3. Contacts and contact groups are people who should be notified, along with information on how and when they should be contacted. Contacts can be grouped and a single contact can be a member of more than one group.
4. Host are physical machines, along with information on who should be contacted, how checks should be performed, and when. Hosts can be grouped; into host groups each host may be a member of more than one host group.
5. Services are various functionalities or resources to monitor a specific host, along with information on who should be contacted, how the checks should be performed, and when. Services can be grouped into service groups; each service may be a member of more than one service group.
6. Host and service escalations define the specific time period after which additional people should be notified of certain events — for example a critical server being down for more than 4 hours should alert IT management so that they start tracking the issue. These people are defined in addition to the normal notifications configured in the host and service objects.
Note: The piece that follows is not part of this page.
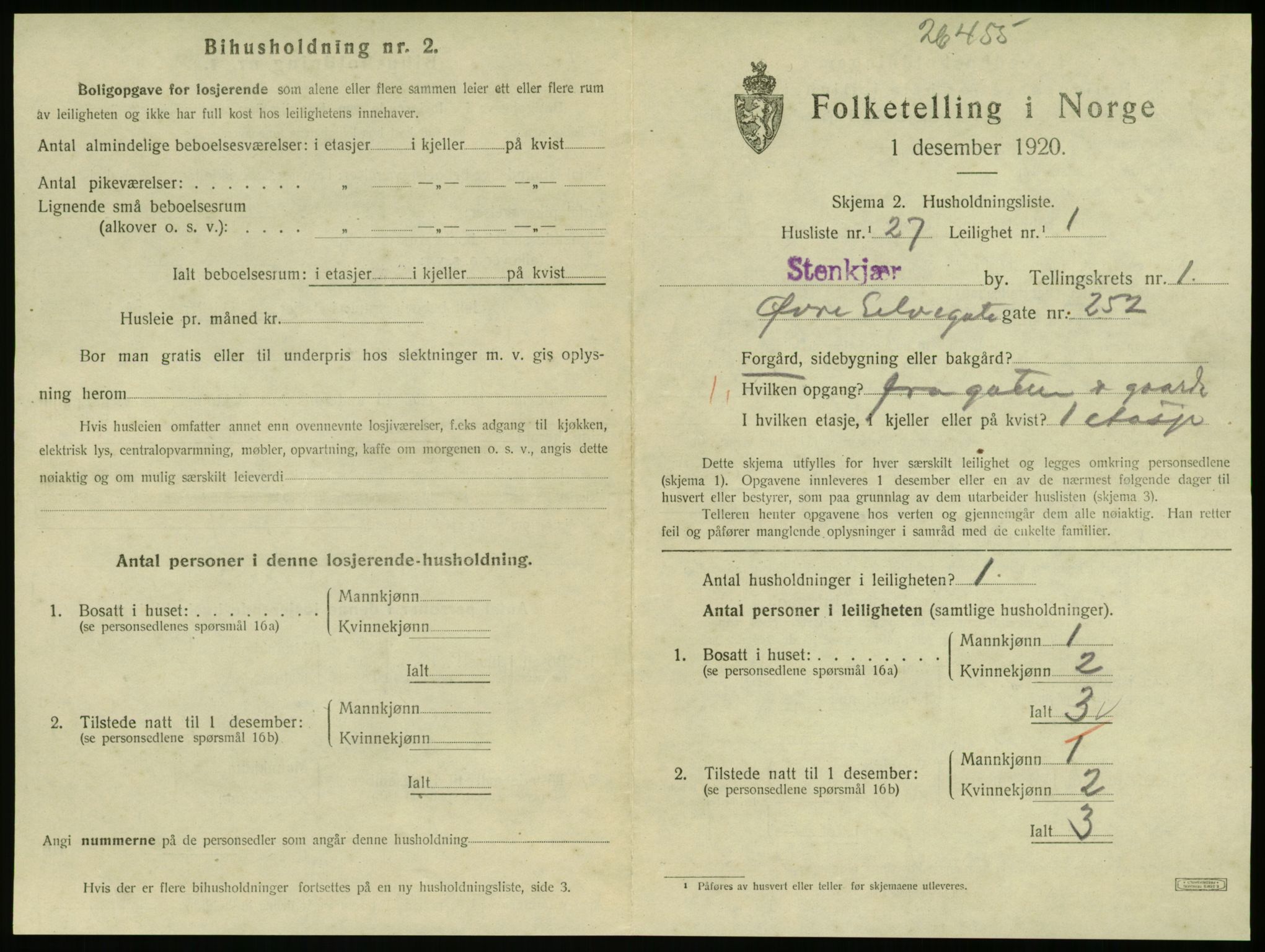 SAT, 1920 census for Steinkjer, 1920, p. 1126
An important benefit that you will gain by using Nagios is a mature dependency system. For any administrator, it is obvious that if your router is down, all machines accessed through it will fail. Some systems don't take that into account and in such a case, you would get a list of several failing machines and services. Nagios allows you to define dependencies between hosts to reflect your actual network topology. For example, if a switch that connects you to a router is down, Nagios will not perform any checks on the router or on the machines that are dependant on the router. This is illustrated in the following example:

You can also define that one particular service depends on another service; either on the same host or on a different host. If one of the services is down, a check for a service that depends on it is not performed. For example, for your company's intranet application to function properly, both an underlying web server and a database server must be running. So, if a database service is not working properly, Nagios will not perform checks on your application. The database server might be on the same host or on a different host. In such a case, if the machine is down or not accessible, notifications for all services dependent on the database service will not be sent out either.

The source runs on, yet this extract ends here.